Your assignment :: Every line from the beginning of the data through the line containing "Hotel London Standard Double or Twin Room" should be reproduced exactly, and no further lines should be output.

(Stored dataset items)
______________________________

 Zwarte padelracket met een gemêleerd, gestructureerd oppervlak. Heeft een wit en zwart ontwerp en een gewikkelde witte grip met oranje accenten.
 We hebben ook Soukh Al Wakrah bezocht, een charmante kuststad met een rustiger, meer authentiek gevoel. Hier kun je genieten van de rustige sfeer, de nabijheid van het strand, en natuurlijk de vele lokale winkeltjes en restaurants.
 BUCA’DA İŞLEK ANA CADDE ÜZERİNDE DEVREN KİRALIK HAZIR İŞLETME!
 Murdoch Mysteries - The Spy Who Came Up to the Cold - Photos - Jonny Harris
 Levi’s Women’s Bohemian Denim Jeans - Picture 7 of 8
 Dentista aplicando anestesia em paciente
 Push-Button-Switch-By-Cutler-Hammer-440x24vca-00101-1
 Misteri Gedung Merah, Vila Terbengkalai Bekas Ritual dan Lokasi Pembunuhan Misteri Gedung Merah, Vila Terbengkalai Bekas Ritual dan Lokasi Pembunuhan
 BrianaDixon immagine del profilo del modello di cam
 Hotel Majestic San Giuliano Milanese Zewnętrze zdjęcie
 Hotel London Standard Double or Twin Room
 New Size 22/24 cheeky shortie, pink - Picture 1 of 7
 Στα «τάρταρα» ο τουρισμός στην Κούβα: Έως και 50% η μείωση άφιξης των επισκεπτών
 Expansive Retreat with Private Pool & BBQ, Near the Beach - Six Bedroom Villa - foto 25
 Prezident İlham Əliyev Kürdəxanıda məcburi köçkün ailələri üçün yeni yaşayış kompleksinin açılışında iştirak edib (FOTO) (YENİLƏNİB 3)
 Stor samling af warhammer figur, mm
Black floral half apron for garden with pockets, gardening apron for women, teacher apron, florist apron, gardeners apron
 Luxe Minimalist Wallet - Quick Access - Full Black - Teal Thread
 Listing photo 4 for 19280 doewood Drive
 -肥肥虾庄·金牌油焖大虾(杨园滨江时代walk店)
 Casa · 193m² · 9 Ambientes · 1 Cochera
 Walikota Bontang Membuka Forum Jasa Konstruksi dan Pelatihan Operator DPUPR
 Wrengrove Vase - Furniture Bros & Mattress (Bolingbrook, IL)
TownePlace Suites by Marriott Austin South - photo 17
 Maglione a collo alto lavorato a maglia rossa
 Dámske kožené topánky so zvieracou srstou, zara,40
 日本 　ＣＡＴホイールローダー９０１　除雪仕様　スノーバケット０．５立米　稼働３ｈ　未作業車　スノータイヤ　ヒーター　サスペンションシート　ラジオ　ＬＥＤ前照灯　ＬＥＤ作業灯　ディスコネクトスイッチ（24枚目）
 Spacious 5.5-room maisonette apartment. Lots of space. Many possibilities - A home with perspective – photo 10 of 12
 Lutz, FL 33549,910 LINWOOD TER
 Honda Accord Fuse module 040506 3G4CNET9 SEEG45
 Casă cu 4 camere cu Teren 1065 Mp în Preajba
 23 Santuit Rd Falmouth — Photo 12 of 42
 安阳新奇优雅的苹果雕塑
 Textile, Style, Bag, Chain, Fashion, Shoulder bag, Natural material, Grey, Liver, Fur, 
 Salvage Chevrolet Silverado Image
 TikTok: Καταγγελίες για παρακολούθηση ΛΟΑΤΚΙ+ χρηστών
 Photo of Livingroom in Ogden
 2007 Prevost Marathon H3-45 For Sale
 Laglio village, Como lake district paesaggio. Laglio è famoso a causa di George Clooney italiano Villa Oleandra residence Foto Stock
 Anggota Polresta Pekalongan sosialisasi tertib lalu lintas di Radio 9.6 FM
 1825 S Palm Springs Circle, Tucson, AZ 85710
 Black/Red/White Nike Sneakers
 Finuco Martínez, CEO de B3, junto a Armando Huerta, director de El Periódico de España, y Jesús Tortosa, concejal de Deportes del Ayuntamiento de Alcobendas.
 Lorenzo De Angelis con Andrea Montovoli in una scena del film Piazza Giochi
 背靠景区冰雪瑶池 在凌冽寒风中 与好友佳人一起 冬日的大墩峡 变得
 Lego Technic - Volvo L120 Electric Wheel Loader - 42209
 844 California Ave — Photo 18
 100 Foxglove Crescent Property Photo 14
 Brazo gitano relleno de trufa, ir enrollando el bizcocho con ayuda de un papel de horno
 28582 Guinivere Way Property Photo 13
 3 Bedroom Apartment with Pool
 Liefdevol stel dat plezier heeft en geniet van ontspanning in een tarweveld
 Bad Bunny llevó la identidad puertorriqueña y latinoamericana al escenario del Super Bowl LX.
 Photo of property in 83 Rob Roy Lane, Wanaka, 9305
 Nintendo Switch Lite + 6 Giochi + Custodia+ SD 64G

______________________________

Response to this exercise ::
 Zwarte padelracket met een gemêleerd, gestructureerd oppervlak. Heeft een wit en zwart ontwerp en een gewikkelde witte grip met oranje accenten.
 We hebben ook Soukh Al Wakrah bezocht, een charmante kuststad met een rustiger, meer authentiek gevoel. Hier kun je genieten van de rustige sfeer, de nabijheid van het strand, en natuurlijk de vele lokale winkeltjes en restaurants.
 BUCA’DA İŞLEK ANA CADDE ÜZERİNDE DEVREN KİRALIK HAZIR İŞLETME!
 Murdoch Mysteries - The Spy Who Came Up to the Cold - Photos - Jonny Harris
 Levi’s Women’s Bohemian Denim Jeans - Picture 7 of 8
 Dentista aplicando anestesia em paciente
 Push-Button-Switch-By-Cutler-Hammer-440x24vca-00101-1
 Misteri Gedung Merah, Vila Terbengkalai Bekas Ritual dan Lokasi Pembunuhan Misteri Gedung Merah, Vila Terbengkalai Bekas Ritual dan Lokasi Pembunuhan
 BrianaDixon immagine del profilo del modello di cam
 Hotel Majestic San Giuliano Milanese Zewnętrze zdjęcie
 Hotel London Standard Double or Twin Room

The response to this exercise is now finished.